* EXERCISE AIM
An exact copy is needed of the lines in the entries below from the line with "I highly recommend" up to and including the line with "That is just", and of nothing else. Leave the pictures out.

* INFORMATION SUPPLIED
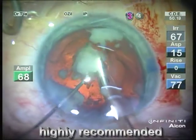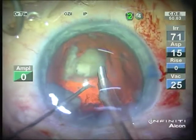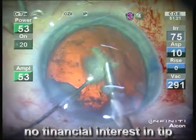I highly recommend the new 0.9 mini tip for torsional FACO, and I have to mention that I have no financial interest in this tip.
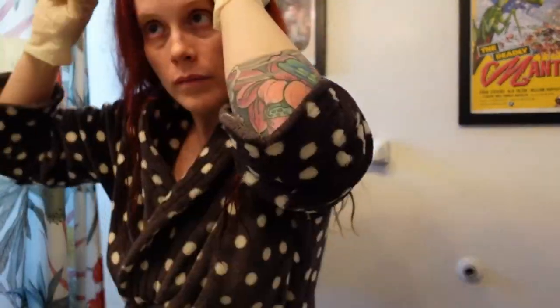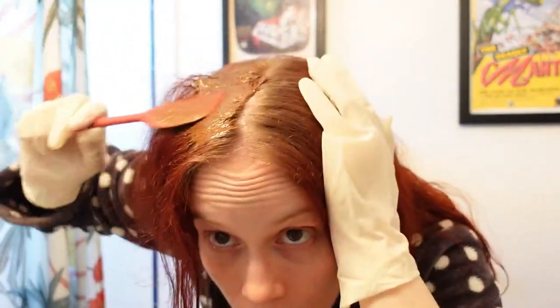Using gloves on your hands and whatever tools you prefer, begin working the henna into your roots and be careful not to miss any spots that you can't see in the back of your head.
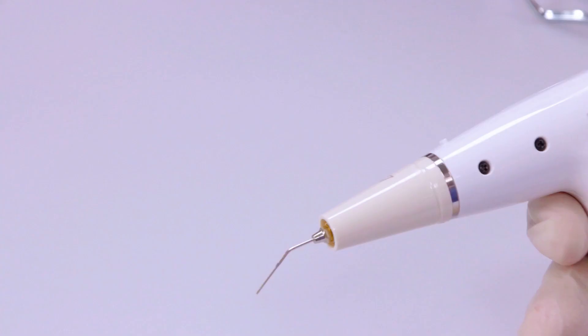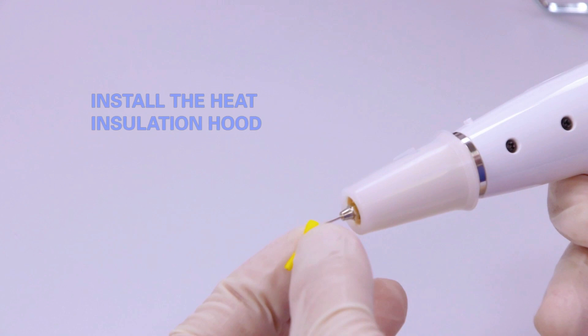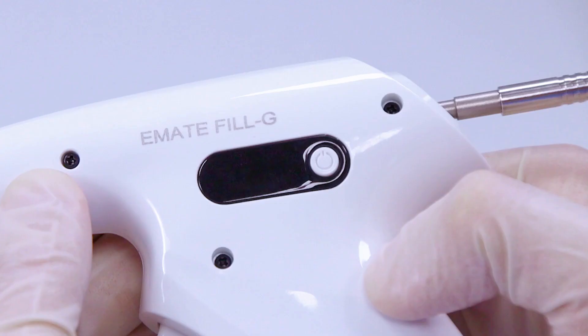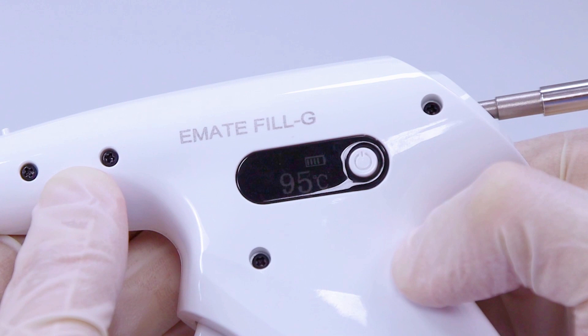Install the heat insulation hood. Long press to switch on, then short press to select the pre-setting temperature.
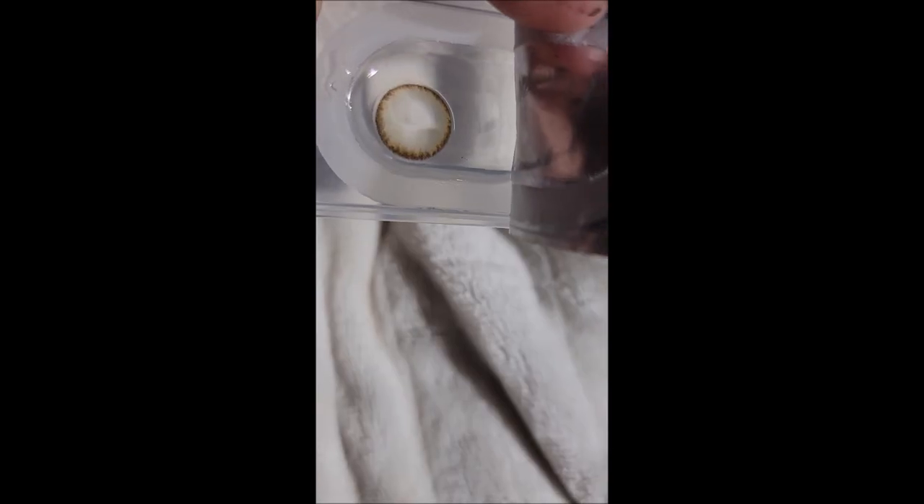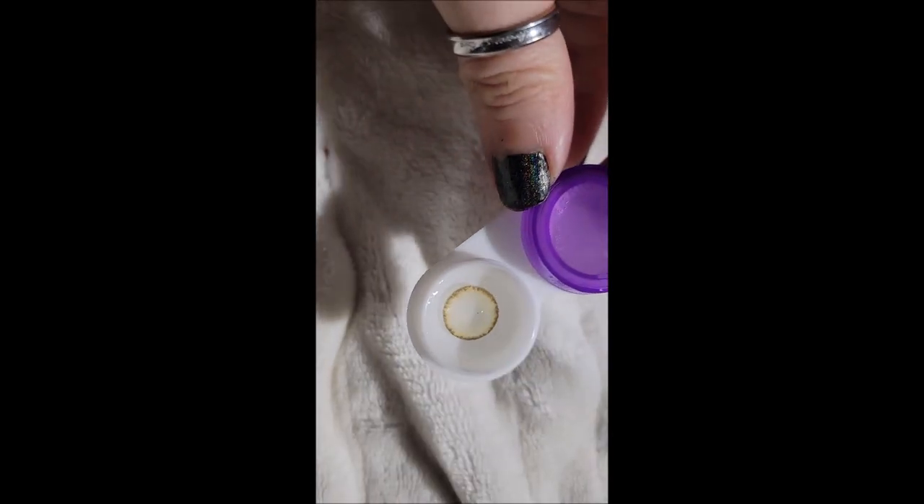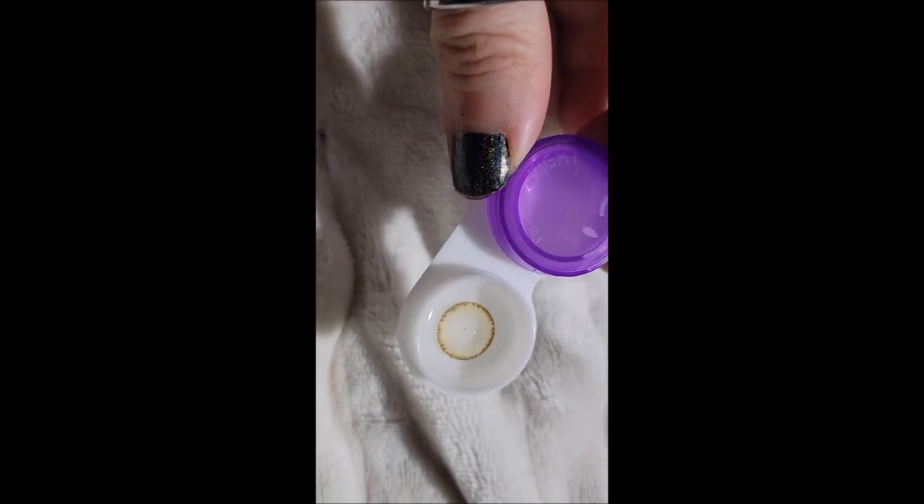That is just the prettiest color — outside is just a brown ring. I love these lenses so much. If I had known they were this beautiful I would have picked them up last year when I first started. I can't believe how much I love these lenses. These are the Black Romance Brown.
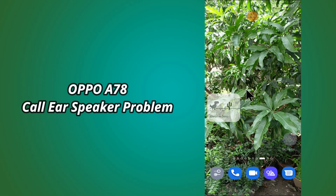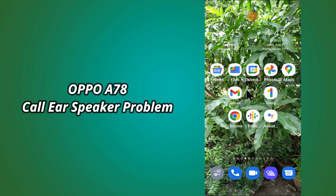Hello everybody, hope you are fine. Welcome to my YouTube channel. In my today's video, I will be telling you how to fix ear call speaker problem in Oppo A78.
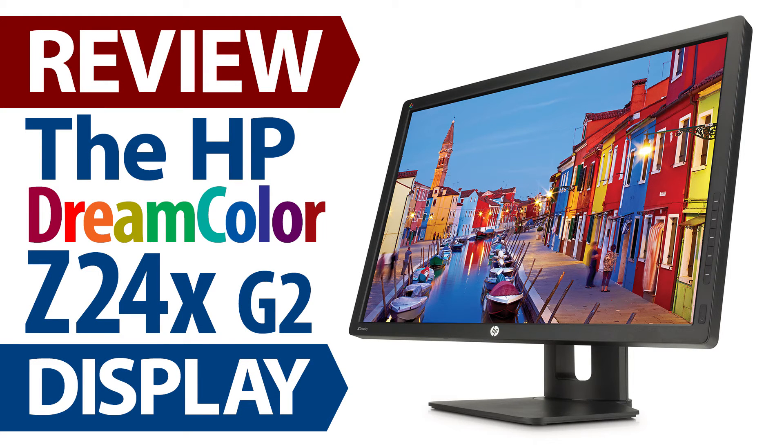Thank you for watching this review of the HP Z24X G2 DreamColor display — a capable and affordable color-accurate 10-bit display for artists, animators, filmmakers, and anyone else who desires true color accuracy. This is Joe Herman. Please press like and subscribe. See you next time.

* * *

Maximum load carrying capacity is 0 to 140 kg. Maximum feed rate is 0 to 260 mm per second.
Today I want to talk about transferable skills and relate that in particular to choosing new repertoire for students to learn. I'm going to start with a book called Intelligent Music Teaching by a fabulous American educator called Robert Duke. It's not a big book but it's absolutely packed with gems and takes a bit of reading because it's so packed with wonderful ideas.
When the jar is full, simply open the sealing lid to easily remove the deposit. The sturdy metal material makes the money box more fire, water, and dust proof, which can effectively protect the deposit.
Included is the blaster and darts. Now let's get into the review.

--

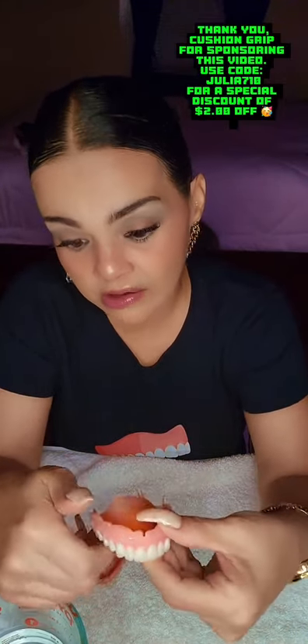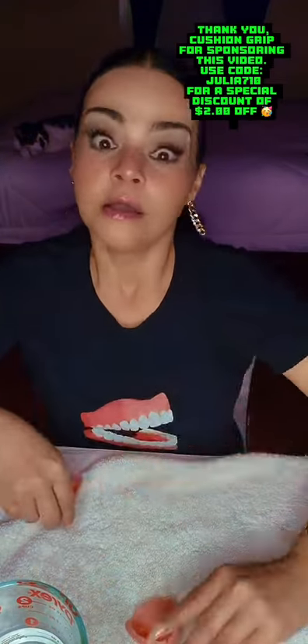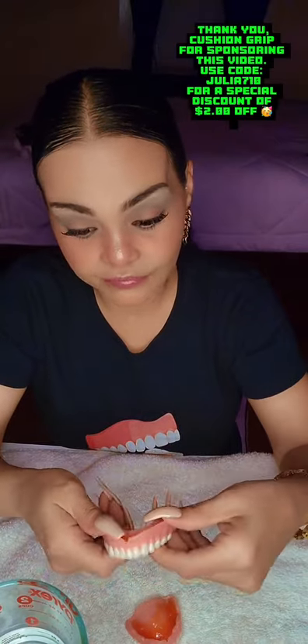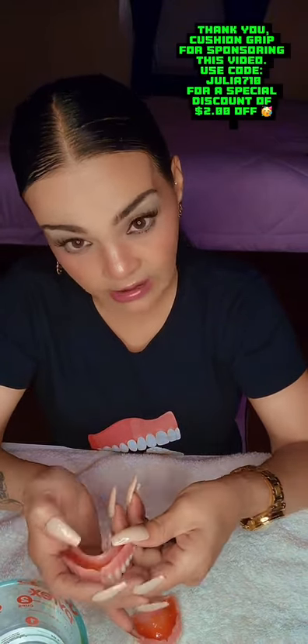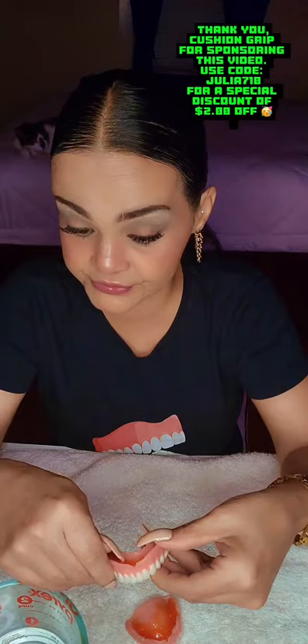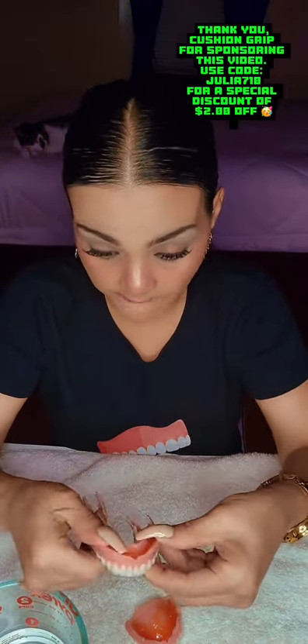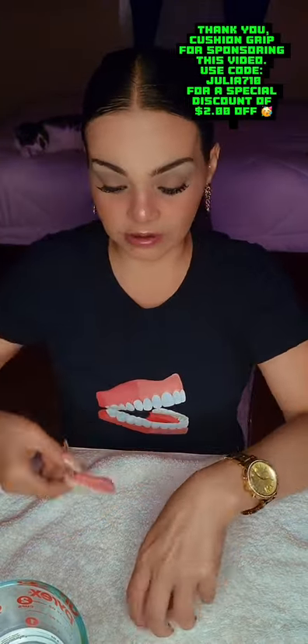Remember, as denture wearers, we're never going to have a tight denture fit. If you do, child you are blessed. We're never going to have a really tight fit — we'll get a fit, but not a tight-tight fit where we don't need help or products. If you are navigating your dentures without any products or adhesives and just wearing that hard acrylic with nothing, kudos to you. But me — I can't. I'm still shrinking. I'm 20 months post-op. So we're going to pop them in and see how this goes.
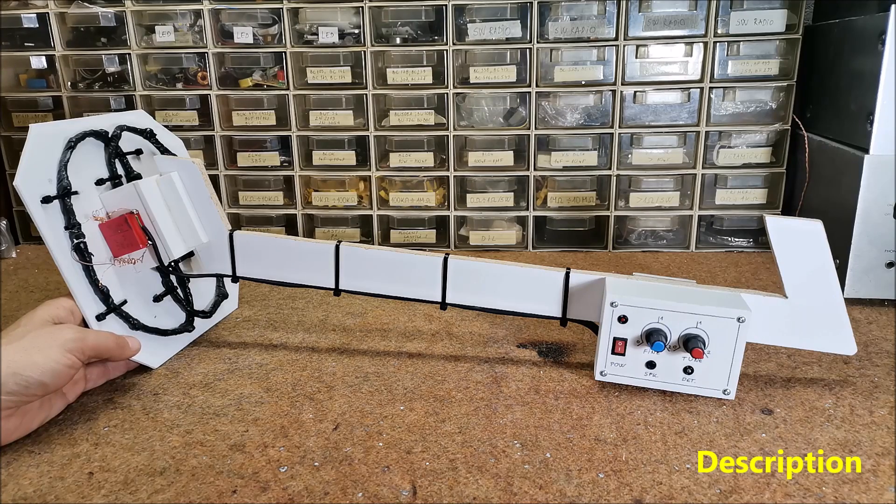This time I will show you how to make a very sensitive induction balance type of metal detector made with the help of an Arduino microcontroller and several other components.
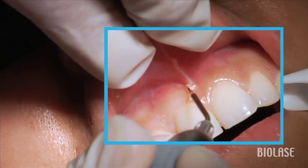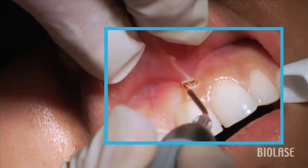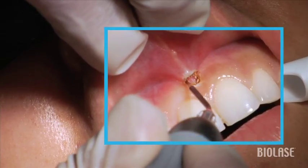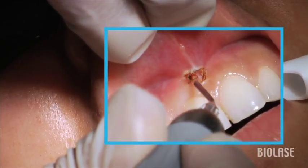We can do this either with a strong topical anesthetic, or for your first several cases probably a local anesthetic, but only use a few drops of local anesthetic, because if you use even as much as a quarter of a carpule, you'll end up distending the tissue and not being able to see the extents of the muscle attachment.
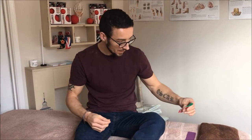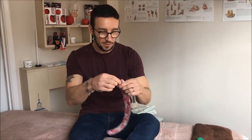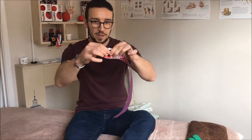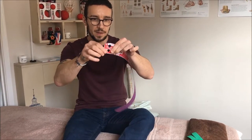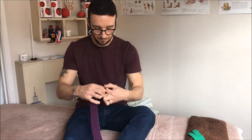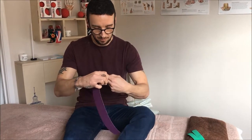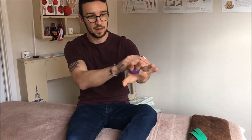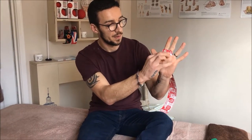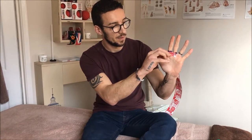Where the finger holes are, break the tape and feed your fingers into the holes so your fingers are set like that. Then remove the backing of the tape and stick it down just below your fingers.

* ANSWER SECTION
I highly recommend the new 0.9 mini tip for torsional FACO, and I have to mention that I have no financial interest in this tip.
Using gloves on your hands and whatever tools you prefer, begin working the henna into your roots and be careful not to miss any spots that you can't see in the back of your head.
Install the heat insulation hood. Long press to switch on, then short press to select the pre-setting temperature.
That is just the prettiest color — outside is just a brown ring. I love these lenses so much. If I had known they were this beautiful I would have picked them up last year when I first started. I can't believe how much I love these lenses. These are the Black Romance Brown.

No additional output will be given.